I don’t intend to sound like a total cynic. I do love social media and I enjoy flicking through Twitter and Instagram maybe a little too much.  I have a social media and digital marketing internship and in the future, I’d ideally like to work in social media marketing and branding . I like being able to easily contact my friends who don’t live anywhere near me. I like being able to chat with my university friends about assignments, I like being able to share my opinions on current affairs, new albums, trends or annoying people on the train  via my twitter account. I like having somewhere to share a few pictures here and there of my favourite memories.

Recently in a digital branding lecture at university, I learnt that only 10% of people who are socially active online would willingly participate in a digital detox. And While I’m probably part of the contrasting 90% it simply reinforces just how consumed we are with having a presence on social media platforms. We now live in a time where we have to have Twitter constantly to hand to feel in the loop. We have to constantly refresh our snapchat stories page to see what our friends are up to instead of actually asking them what they’ve been doing.

Social sites back in the day in the form of Myspace and Bebo were exciting new channels of communication, allowing us to interact with others online in a format other than email or everyone’s favourite MSN messenger – oh the nostalgia. Naturally, they got a bit shit and were overtaken by Facebook, Twitter, Instagram and Snapchat. However, these sites aren’t exactly exciting anymore either but the pressure of remaining active on them is ever present. If you don’t post regularly, you’re viewed as boring, disinteresting and out of the loop.

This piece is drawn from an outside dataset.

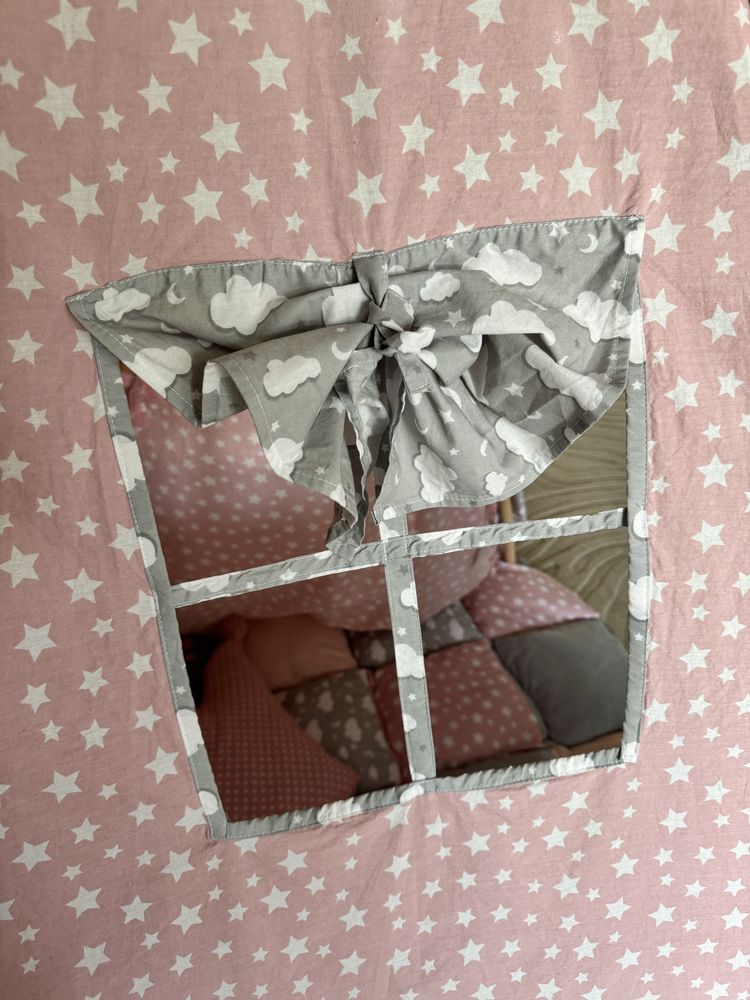 Cort teepee + 2 perne cadou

Social media is everywhere and I mean everywhere. Almost to the point where it has become overly intrusive. Let me give you an example. You’re in a clothing store, you pick up a few things to go and try on. You head to the fitting room and you’re standing there more or less naked in your underwear. You glance up at the mirror and theres a sticker plastered across it “Snapchat us your outfits to be featured on our story!” with multiple hashtags to use on Instagram if you want to post it there too. You have to wonder where the boundaries lie. In a moment that should be private for you to try on some potential new clothes, you don’t have the peace to just do that without being hounded to share it with the world.

I don’t see social media sites going anywhere soon. If anything, I think they’re quickly going to become everyone’s main method of communication if they’re not already. Of course the importance and increased use of social media sites is a sign of the times but it’s just not really very social at all, is it?